There is a time for reflection and a time for analysis. Ireland captain Brian O’Driscoll made his feelings about equalling Scotland’s Ian Smith’s try-scoring championship record (24) known in no uncertain terms.

In the immediate aftermath of what he clearly viewed as the injustice of a loss to Wales, he was not interested in individual accolades. It was merely a sideshow to Ireland’s demise due to the incompetence of another Scot, the touch judge Peter Allan.

Nonetheless, O’Driscoll is fast-approaching many international rugby milestones. He will equal South African John Smit’s all-time international captaincy mark of 76 tests – the International Rugby Board recognised his lead role for the British & Irish Lions in 2005 – on Saturday.

Already, the Dubliner is Ireland’s leading try-scorer (43). He is also about to move into fourth place ahead of France legend Phillippe Sella (111 caps) in the list of most capped players in international rugby.

Jonny Wilkinson is likely to be England’s replacement fly-half on Saturday. No stranger to the record books, he holds the title of the highest points scorer (1,195) in international rugby.

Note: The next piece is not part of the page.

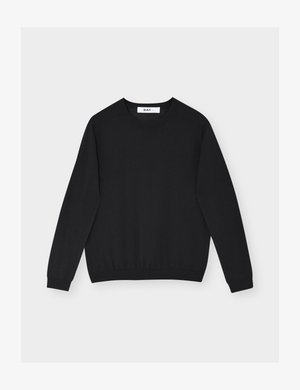 Sort langærmet crewneck-trøje med ribbet manchetter og kant, vist fladt mod en hvid baggrund.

Wilkinson was quick to point out his enduring respect for a fellow record-breaker: “The last decade has presented amazing times for Brian and I, even if he’s found himself on the field a little more. He’s had a few less injuries,” he said.

“He’s still going strong. He’s a real leader and a big part of why they play well,” stated Wilkinson, ahead of the final day of the Six Nations championship on Saturday.

The England fly-half also took time out to pinpoint England’s 2003 Grand Slam 42-6 crushing of Ireland as the ‘momentum changer’ that was crucial to their World Cup win in Australia later that year.

“I’ll never forget that match in Dublin. It was a big day. We got off to a good start and managed to keep the pedal down, a strategy that will stand us in good stead again this year.

“You’re rarely in that position against a team like Ireland. It was the culmination of lessons learnt and lots of desire,” he said.

Previously, Clive Woodward’s England had been denied the Grand Slam by Wales (32-31) in April 1999, by Scotland (19-13) in April 2000 and by Ireland (20-14) in ‘The Foot and Mouth Season’ in October 2001.

There was a feeling of then or never. Fast-forwarding, England will bring a degree of confidence not felt since the 2003 Rugby World Cup as they travel undefeated to Dublin this weekend. They have mixed the blistering and the banal as a side still not quite in touch with their potential.

“No one in the England camp underestimates how tough it’ll be to win there. It’s a sensational end to the championship. Ireland always bring that passion. The Irish players play even better at home and even better in big situations,” Wilkinson added.